# Task description
The response should repeat word for word every line below from the one with "100 E Hedgelawn" to the one with "Starter-Paket", inclusive, and nothing else; leave pictures out.

+++ Available data

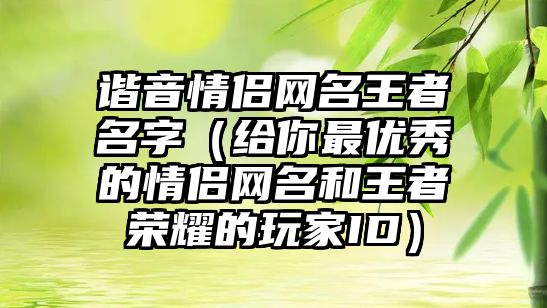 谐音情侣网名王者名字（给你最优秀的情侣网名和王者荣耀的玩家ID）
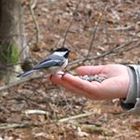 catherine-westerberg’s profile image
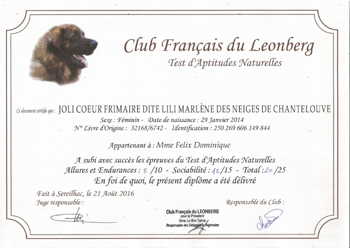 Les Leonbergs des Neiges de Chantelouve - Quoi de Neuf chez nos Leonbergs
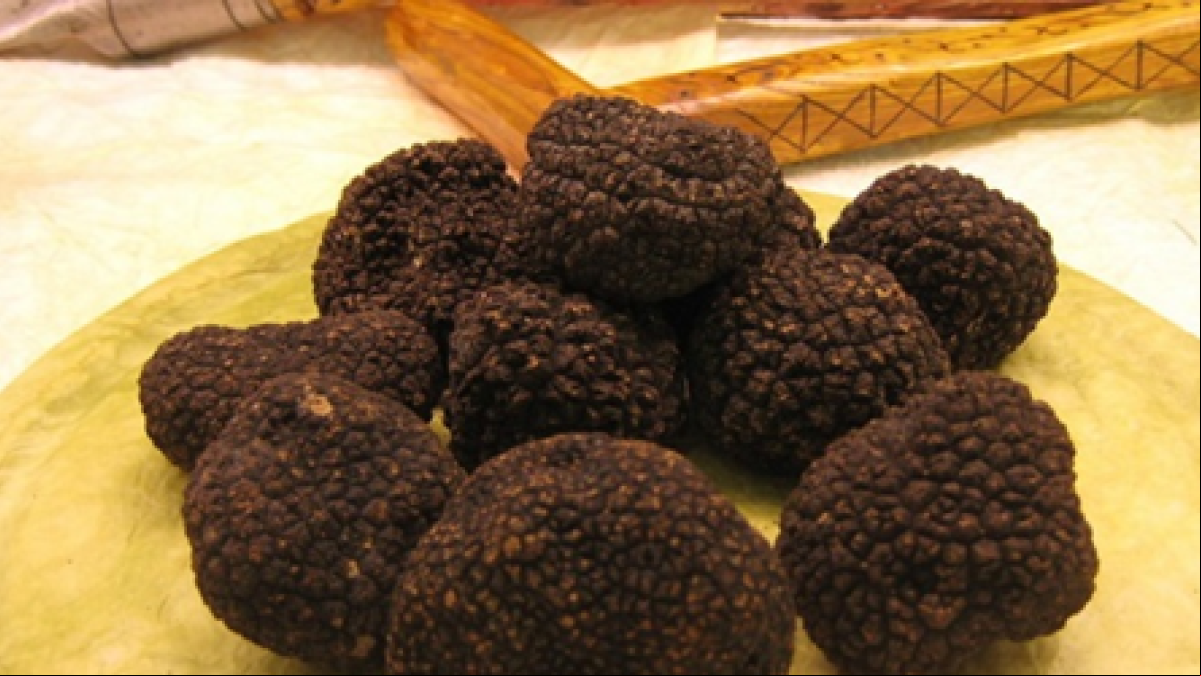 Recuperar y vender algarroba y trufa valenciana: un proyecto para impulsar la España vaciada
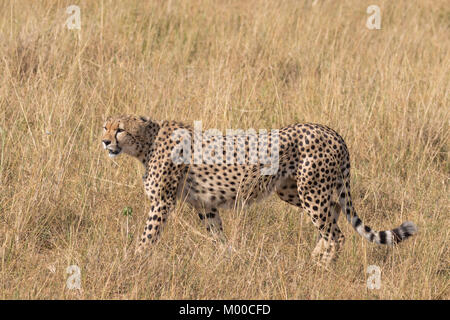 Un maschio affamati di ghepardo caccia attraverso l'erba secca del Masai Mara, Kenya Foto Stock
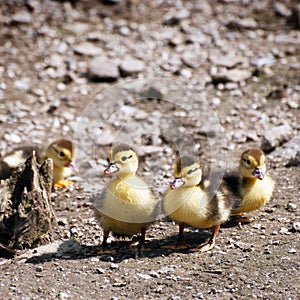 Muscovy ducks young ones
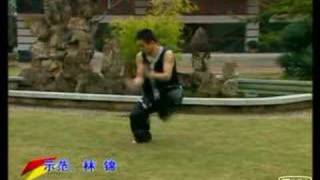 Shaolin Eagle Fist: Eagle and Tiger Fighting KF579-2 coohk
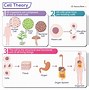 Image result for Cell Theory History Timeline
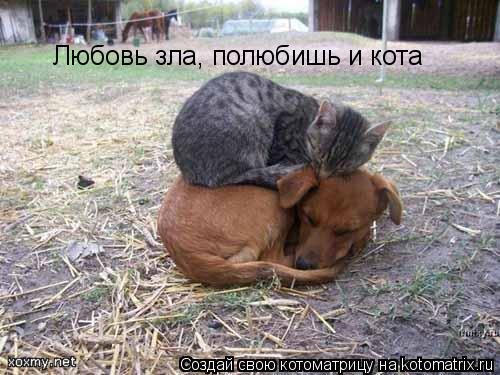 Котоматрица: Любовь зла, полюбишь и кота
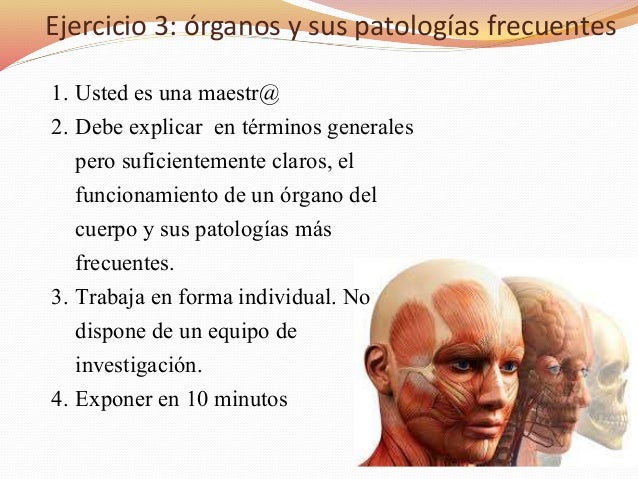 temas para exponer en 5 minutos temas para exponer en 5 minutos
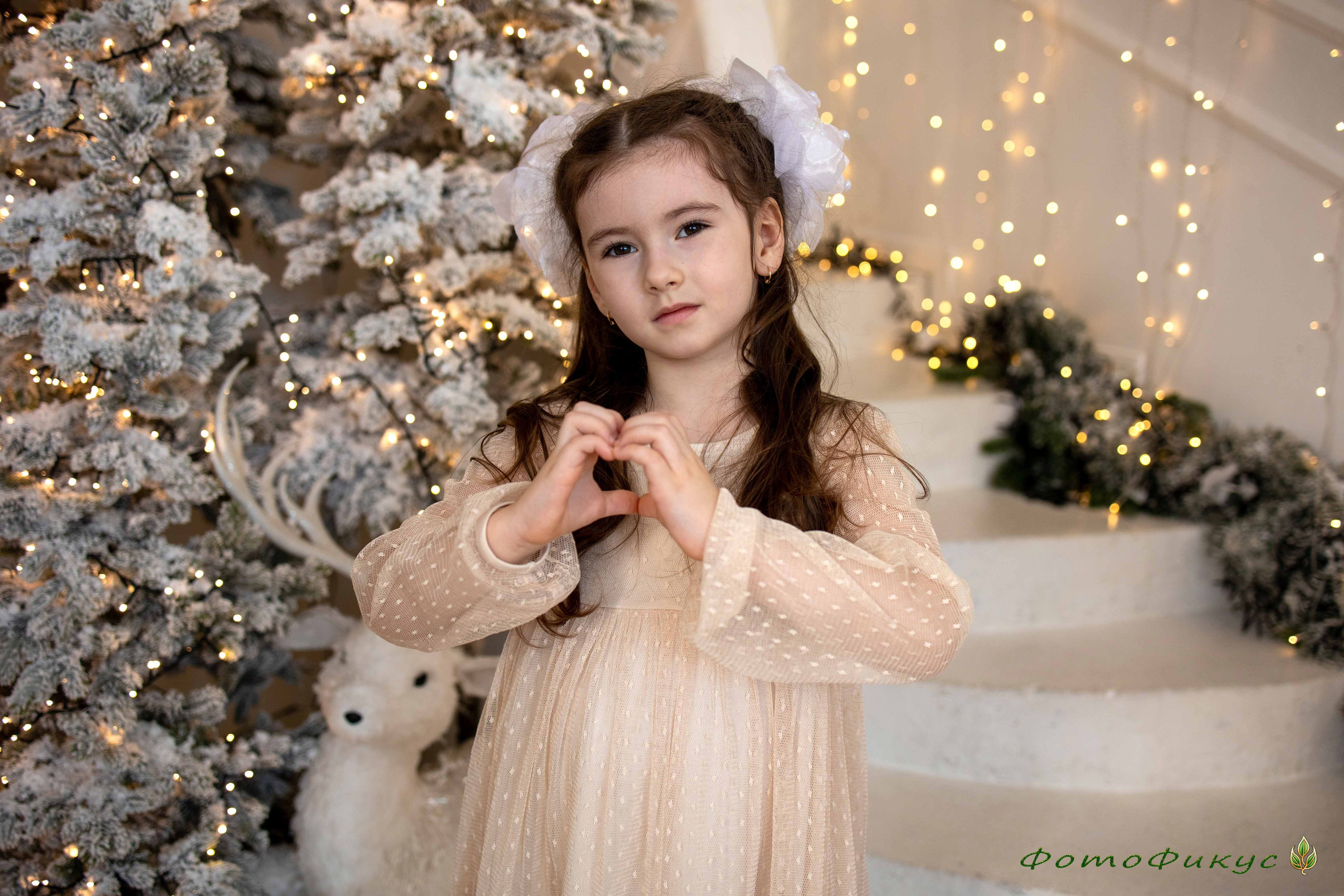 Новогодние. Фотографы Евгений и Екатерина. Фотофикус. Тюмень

++++++
+++ Available data

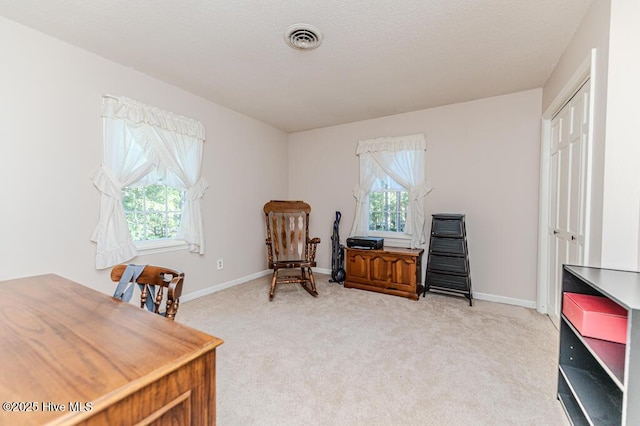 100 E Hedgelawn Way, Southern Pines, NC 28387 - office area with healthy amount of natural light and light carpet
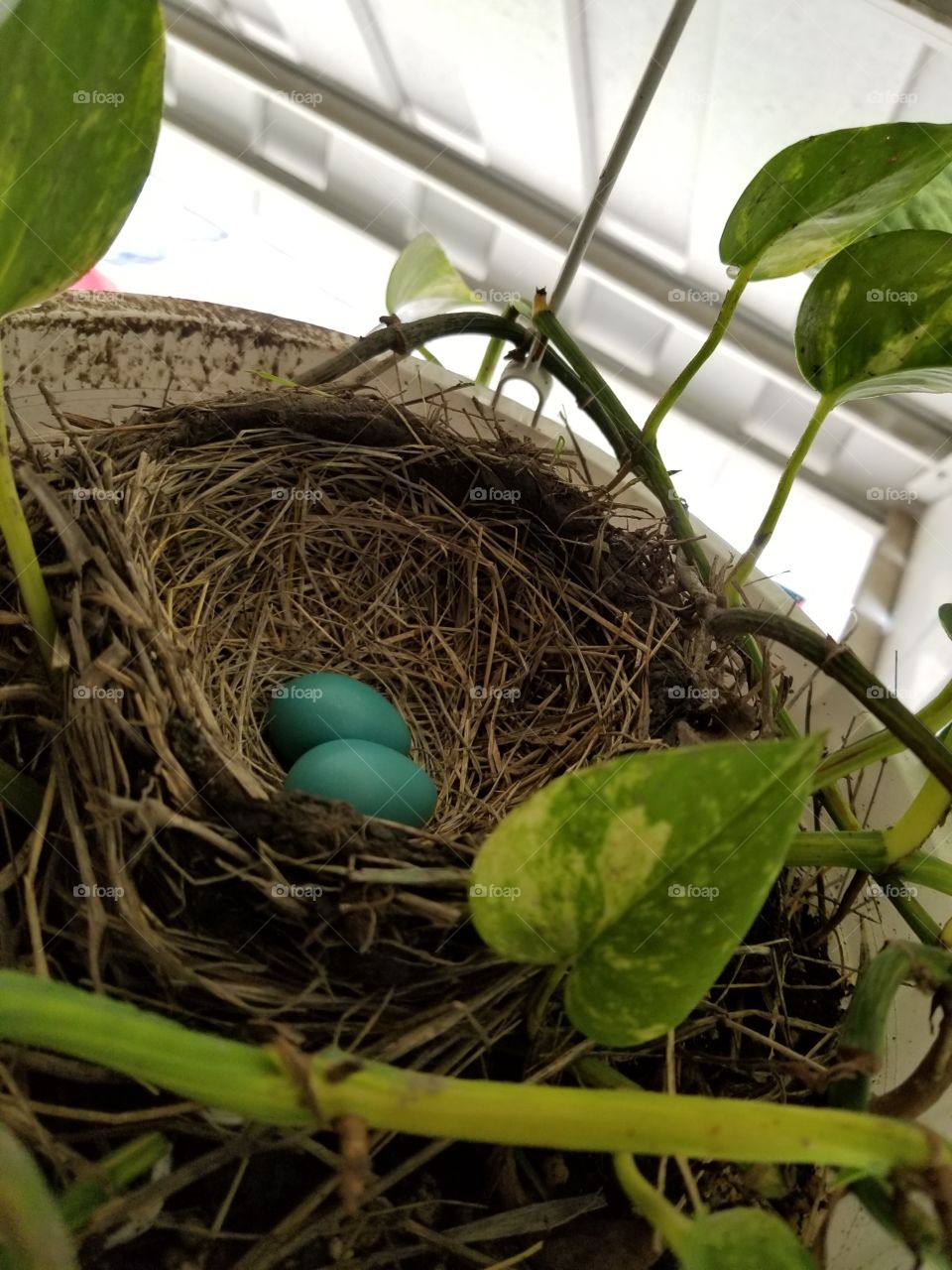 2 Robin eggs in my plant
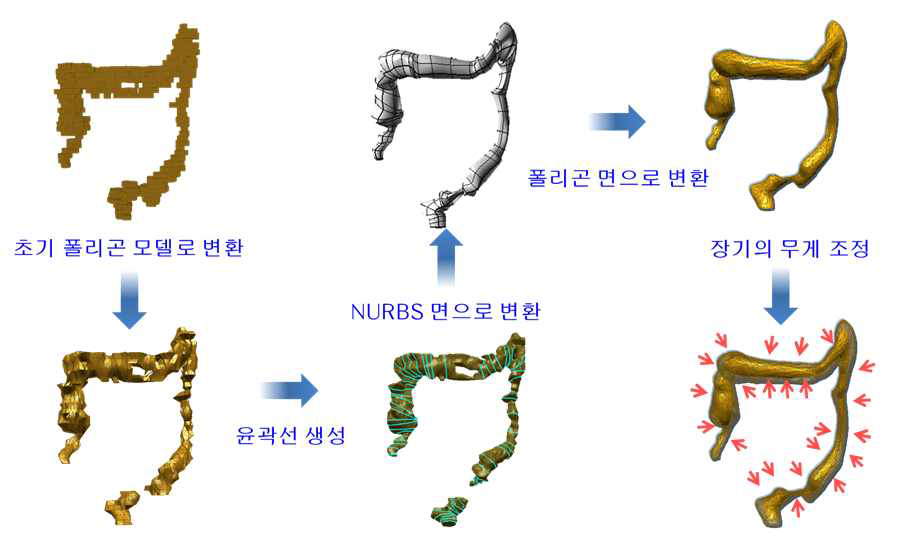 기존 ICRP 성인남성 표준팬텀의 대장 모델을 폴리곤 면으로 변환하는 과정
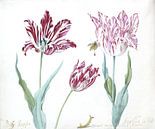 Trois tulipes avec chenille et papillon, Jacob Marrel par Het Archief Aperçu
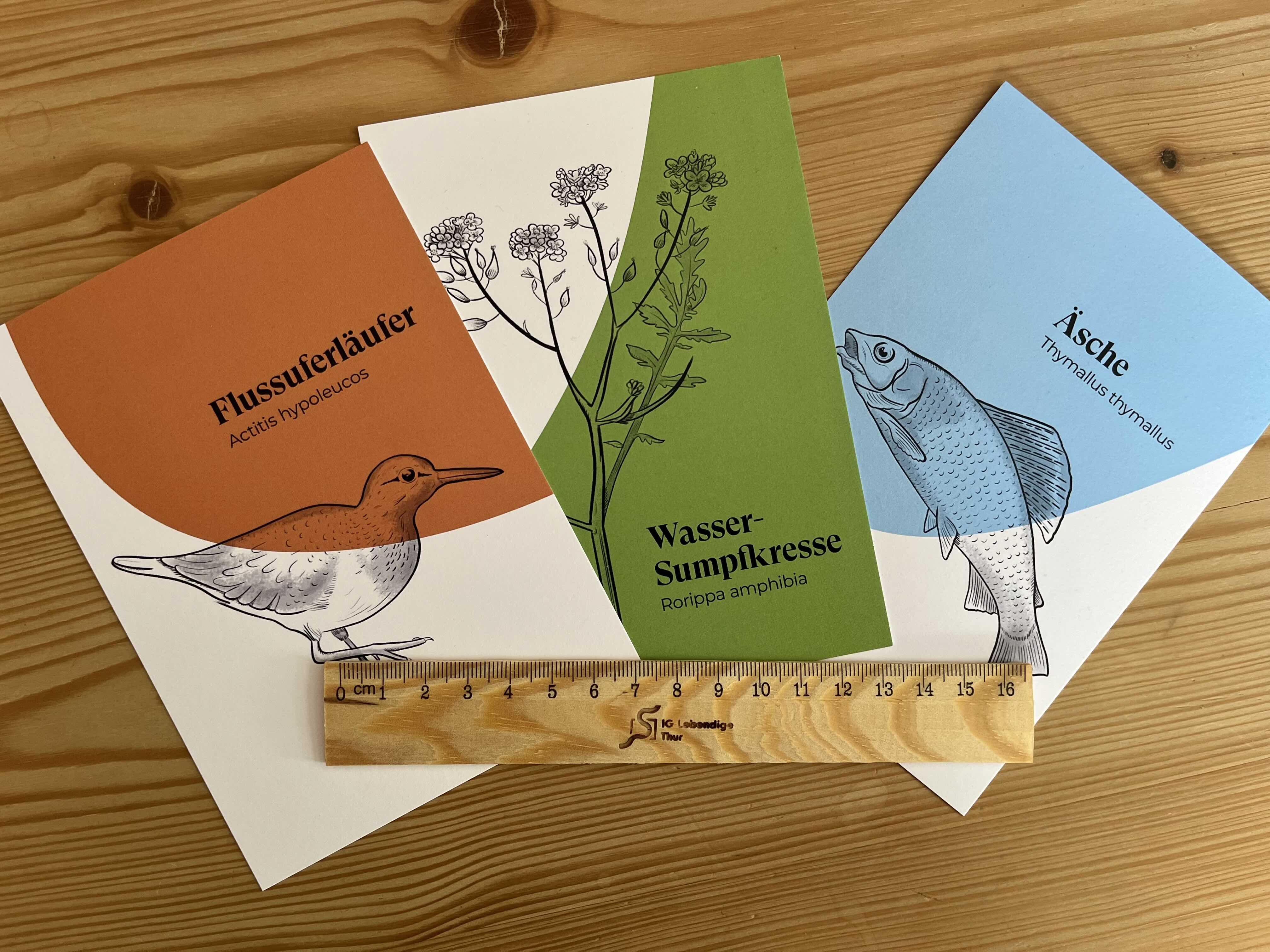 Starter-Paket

++++++

# Answer box
 100 E Hedgelawn Way, Southern Pines, NC 28387 - office area with healthy amount of natural light and light carpet
 2 Robin eggs in my plant
 기존 ICRP 성인남성 표준팬텀의 대장 모델을 폴리곤 면으로 변환하는 과정
 Trois tulipes avec chenille et papillon, Jacob Marrel par Het Archief Aperçu
 Starter-Paket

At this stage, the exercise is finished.